As a side note, I LOVE Walmart! It’s like a retail Satan! Not for the reason the people who hate it think, but because it’s mere existence causes so many otherwise rational people to foam at the mouth in apoplectic rage as if it were run by Al-Qaida. It’s amazing there are not a slew of new entries in the Diagnostic and Statistical Manual of Mental Disorders devoted to the store. But I’m sure many a dollar is spent in therapy by people who whose worldview is so troubled by cheap plastic toys produced in China that they don’t even realize we exist!
In addition, automatically disliking Walmart marks a person as one who “cares” about small retail establishments, even if that person buys most of their stuff at the aesthetically more pleasing place referred to as Tarjay, another big box retailer. Feeling good about oneself without doing good always makes Our Father happy.
But back to the topic at hand. Being with someone who makes her laugh is a very negative development. I hate especially that the timeline means that she will likely be able to have children. And I thought you had convinced her she should give up hope of having a family. This realization produced awesome results – while it lasted. One glass of wine after work would turn into a bottle and many hazy mornings. And she turned fatalistic about ever meeting a husband, which in turn produced a constant low grade despair that she had to work hard to hide and that pushed her away from the Enemy because the hurt was too hard to discuss. It must have made you very happy.

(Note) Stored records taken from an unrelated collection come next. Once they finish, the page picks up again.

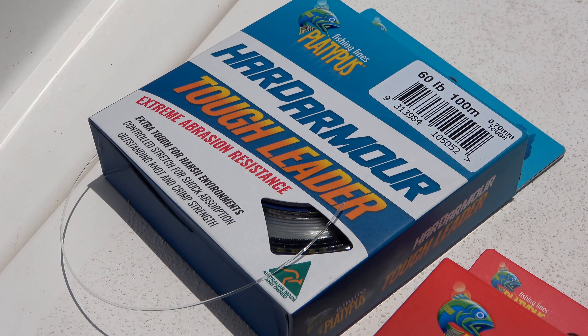The supple leader is better suited for loop knots and for lures with sensitive actions, like jerk baits. The tough leader is where you want to run a uni knot to a clip or a ring for those big lures.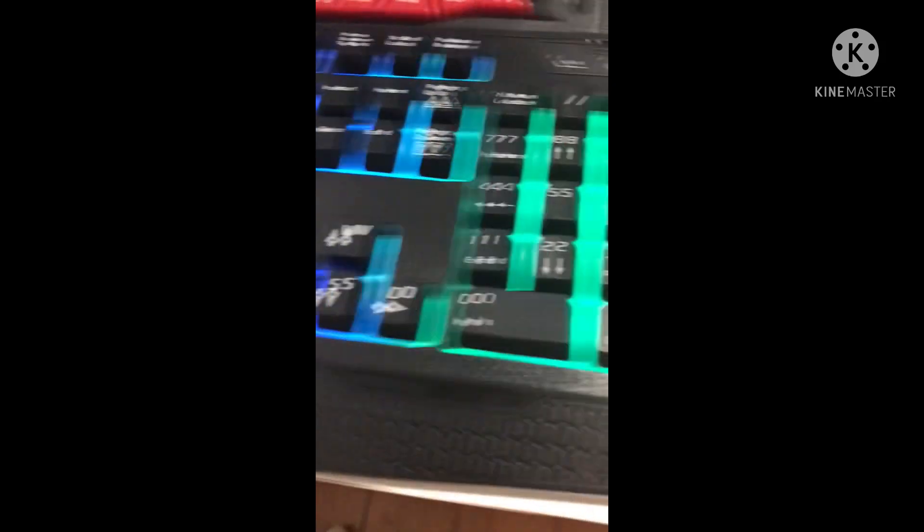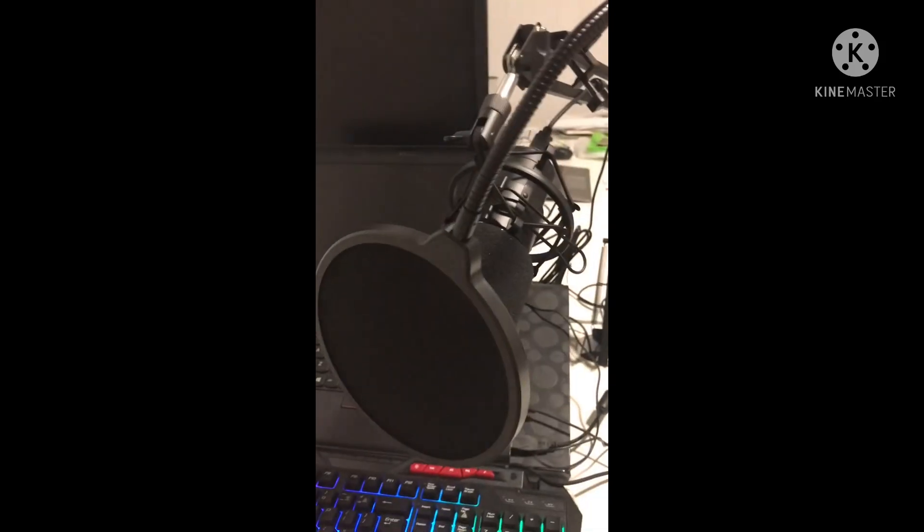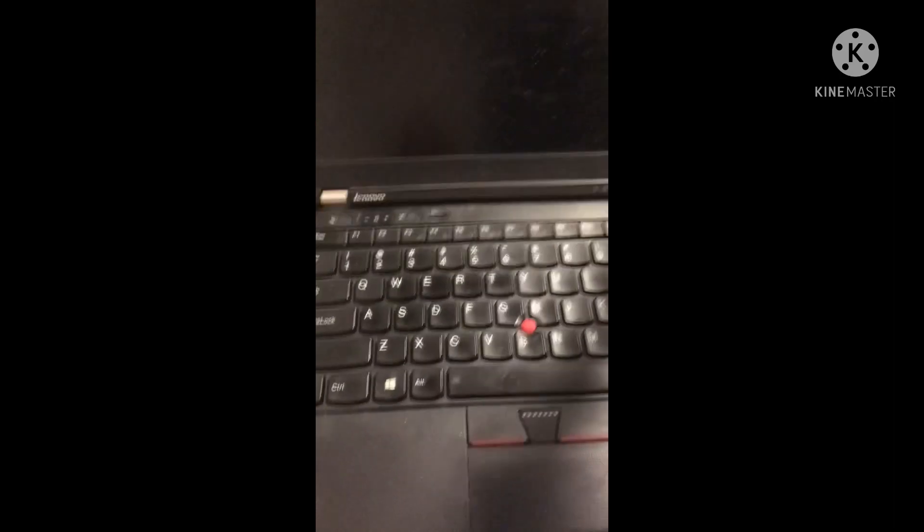So I got this Cube One right here, and this laptop here — I have been using it for ages. And then this monitor up here, I have been using it for about 3 months I think. And then I got this Cube One for Christmas, and then I bought this microphone just today. Like I opened it — hold on, I'll show you how it looks at home.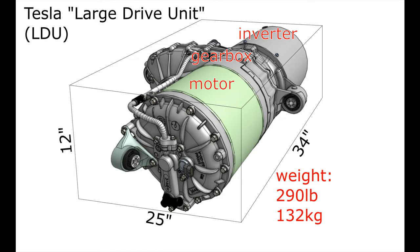This is the motor — actually called the large drive unit, made by Tesla. It contains a motor section, a gearbox in the middle, and then the inverter. Not to be confused — that's just the inverter in a cylinder casing, not a second motor. The weight is 290 pounds, 12 inches high, plus some other dimensions.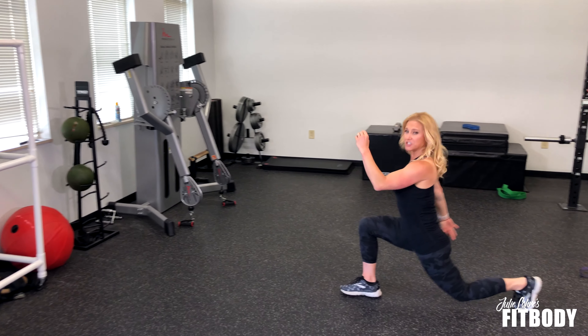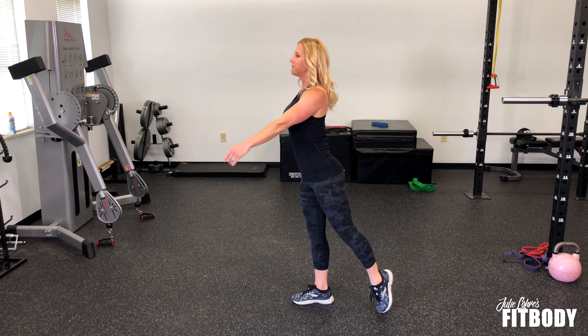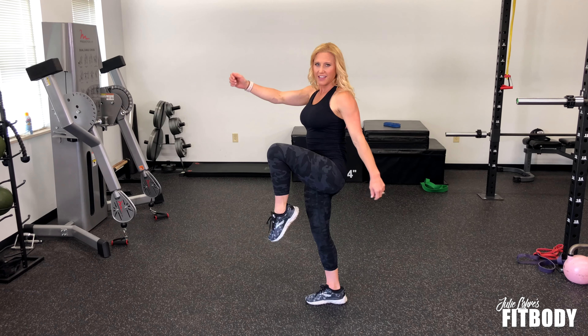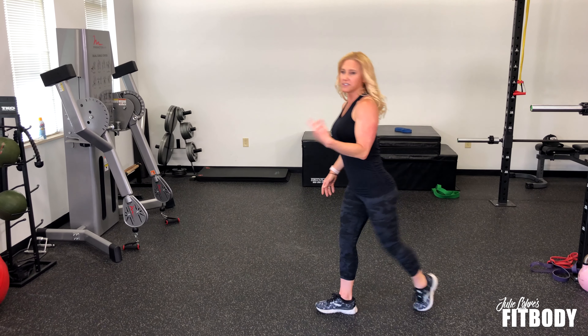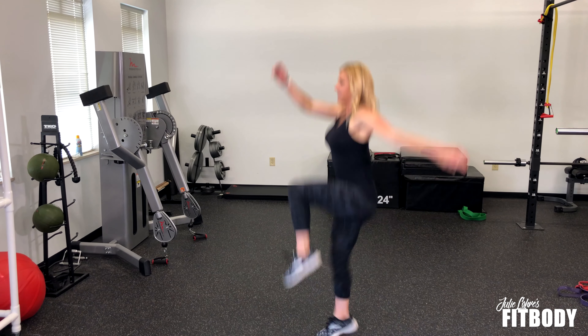So we're going to stay lifted. You step back into a lunge position and then as you powerfully come up, you're going to lift your leg like you're skipping. All together it's going to be: back, lift, lift.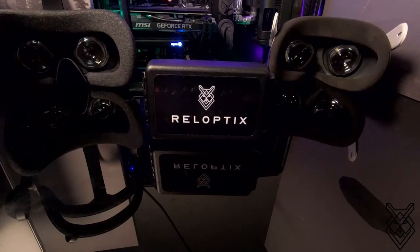Hey everyone, welcome to the Reloptix VRX adapter installation. Today we're going to be covering the Rift S, similar to the Quest 1 and the Quest 2.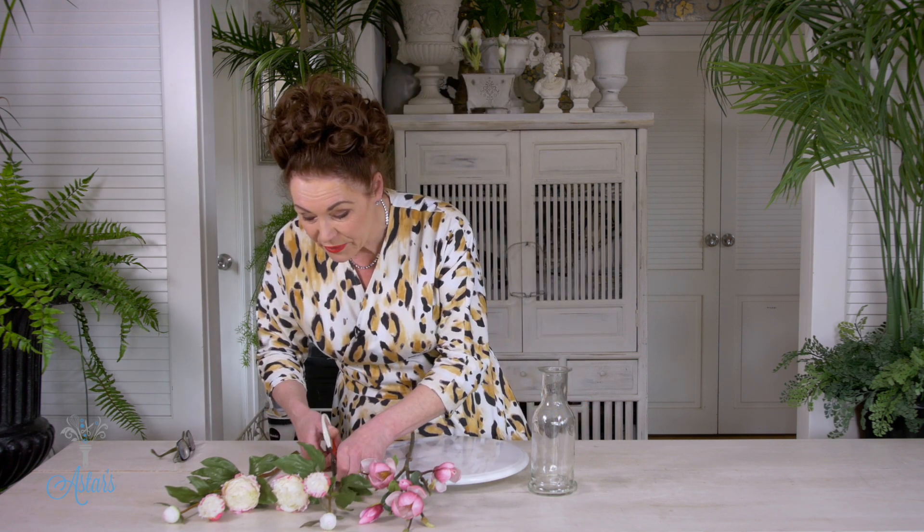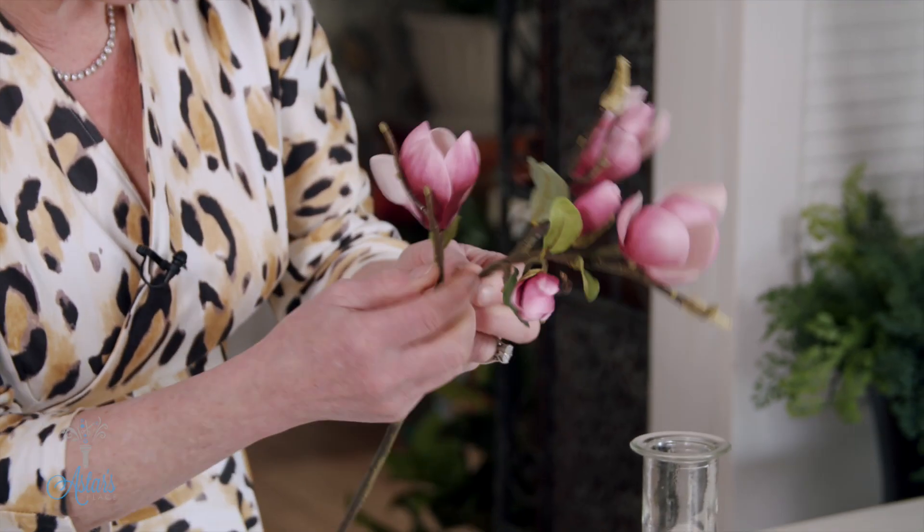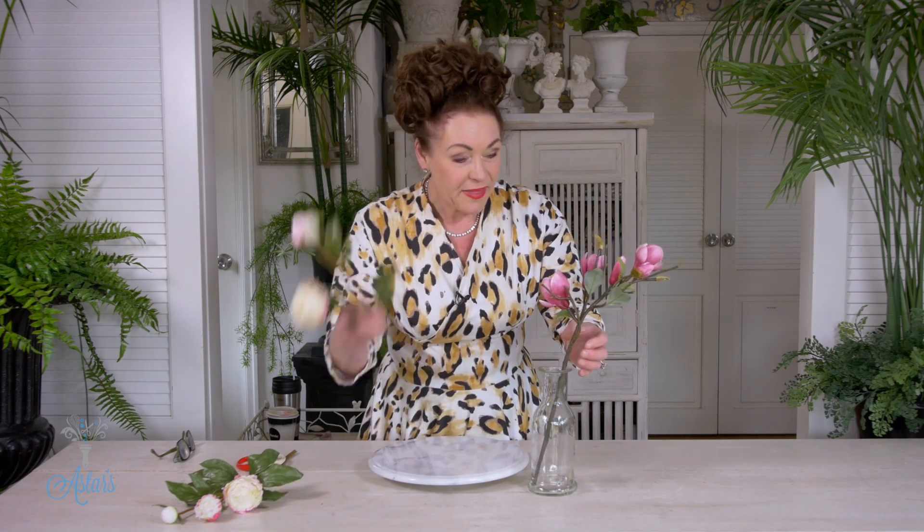Take the tags off, because we don't want tags in our designs. And I've got a little magnolia. You can bend and manipulate these to whichever way you want them to be, so that they visually suit your eye. That can go into there. And then with the peonies, they can just go on either side.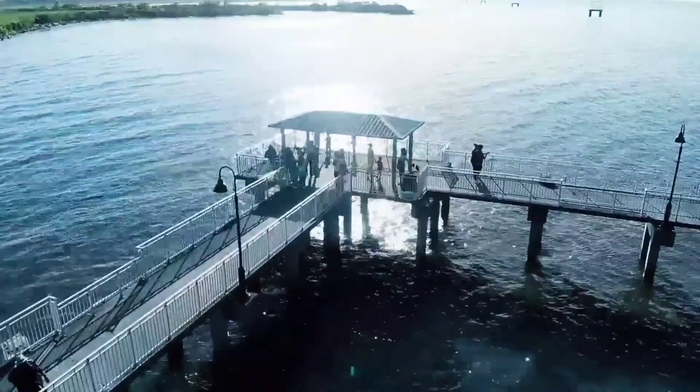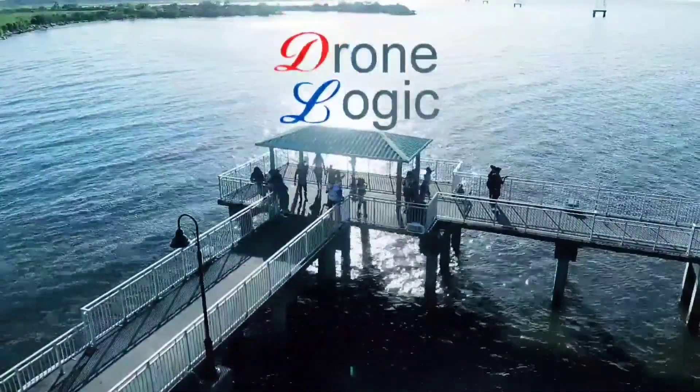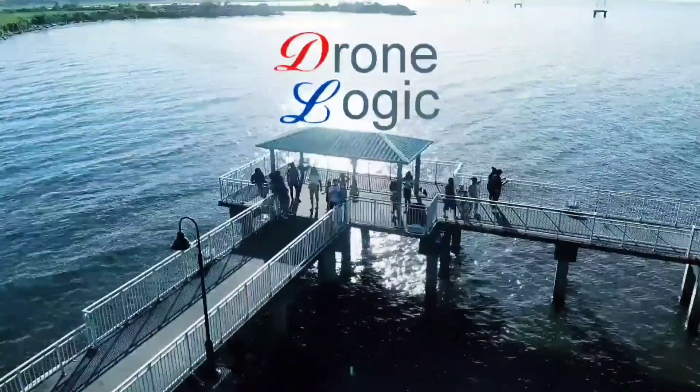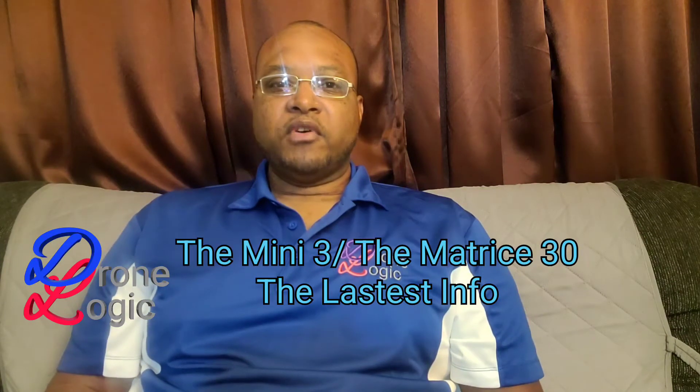The Mini 3 and the Matrice 30 — the latest info coming right up. What's up, all you drone maniacs? Welcome back to Drone Logic for your drone and tech related info from my point of view.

As you may have noticed, we can do a lot of damage in the space between what humans think will happen to their lives and what actually happens. When their life does not meet their expectations, we have a lot of power to mislead and undermine their values – not to mention exacerbate their unhappiness. In the case of your patient, she had thought she would marry at 28 after achieving great success in her career, whatever that would be. When neither the man nor the job she wanted materialized, she started to question everything in her life, including her faith. Being a bridesmaid five times the summer she was 28 surely intensified the questioning. Great work in engineering the timing of those weddings, by the way, in case I never complimented you at the time. Watching so many of her friends, who were seemingly so similar to her, find a partner, buy a home, and settle into the life she imagined for herself when she didn’t even really like the guy she was dating and hated her job was unsettling to her, and allowed us great power to fill her life with noise – parties, traveling, a house in the Hamptons. All things that helped her put off thinking about what she really wanted from life. That’s really one of our ultimate goals as I’ve mentioned before, because we do not want humans to develop their talents. That often makes them immune to our tempting, because they are less likely to chase fulfillment from temporary sources.
Now I regret to learn that those once powerful means may not have as much sway as a result of your patient’s impending marriage. You will have to reevaluate how to reach her. I will try to help by putting together a cheat sheet on how to undermine a marriage in its first year for you. It’s proven quite effective at establishing long-term animosity between spouses if not successful in breaking up a marriage.